In [1]:
try:
    %load_ext autotime
except:
    !pip install ipython-autotime
    %load_ext autotime

Collecting ipython-autotime
  Downloading ipython_autotime-0.3.1-py2.py3-none-any.whl (6.8 kB)
Installing collected packages: ipython-autotime
Successfully installed ipython-autotime-0.3.1
time: 1.98 ms (started: 2023-10-21 02:11:12 +00:00)


## Dynamic Programming Algorithm for Longest Common Subsequence

$\newcommand\len{\mathsf{len}}
\newcommand\lcss{\mathsf{lcss}}$


Recall the recurrence that we implement to be `Python` friendly assuming that the arguments $i,j$ satisfy
$0 \leq i \leq \len(s_1)$ and $0 \leq j \leq \len(s_2)$.
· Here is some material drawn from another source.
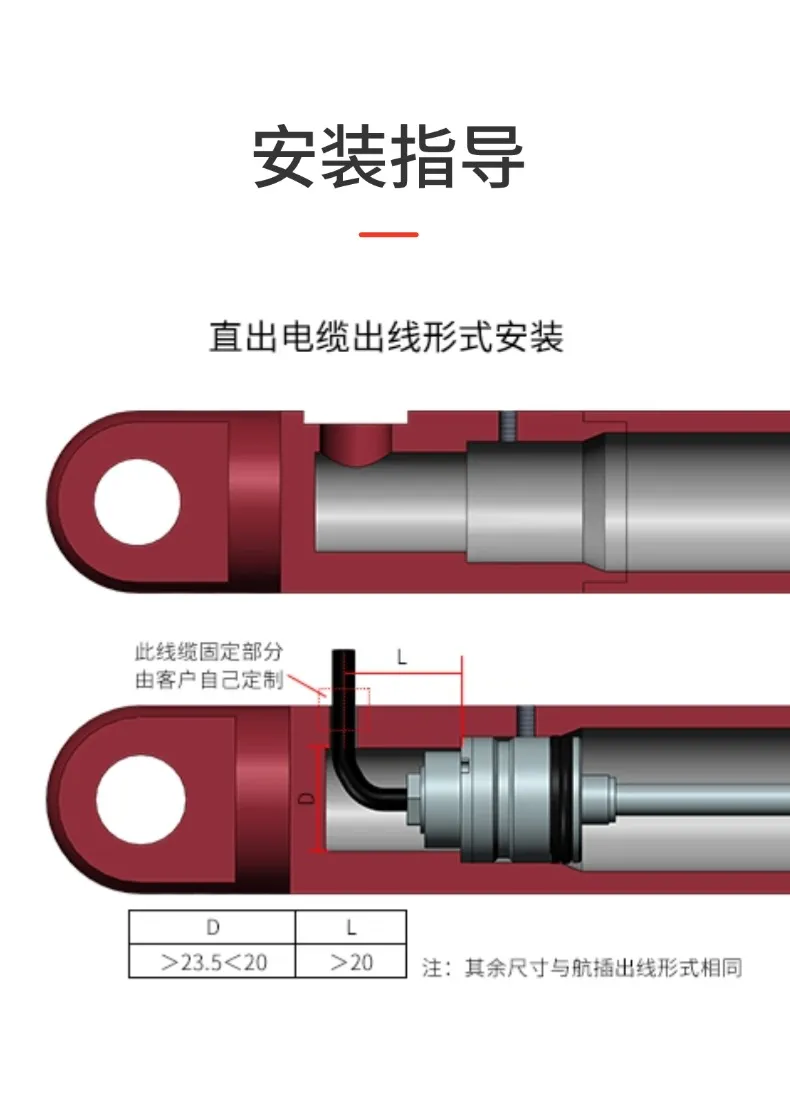 MI磁致伸缩位移传感器(图8)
$$\lcss(i, j) = \begin{cases}
0 & i \geq \len(s_1) \\
0 & j \geq \len(s_2) \\
1 + \lcss(i+1, j+1 ) &  s_1[i] = s_2[j] \\
\max( \lcss(i+1, j), \lcss(i, j+1) ) & \text{otherwise} \\
\end{cases} $$

In [2]:
def lcs(s1, s2, i, j):
    assert 0 <= i and i <= len(s1)
    assert 0 <= j and j <= len(s2)
    if i == len(s1):
        return 0
    if j == len(s2):
        return 0
    if s1[i] == s2[j]:
        return 1 + lcs(s1, s2, i+1, j+1)
    else:
        return max(lcs(s1, s2, i+1, j), lcs(s1, s2, i, j+1))

time: 2.17 ms (started: 2023-10-21 02:11:12 +00:00)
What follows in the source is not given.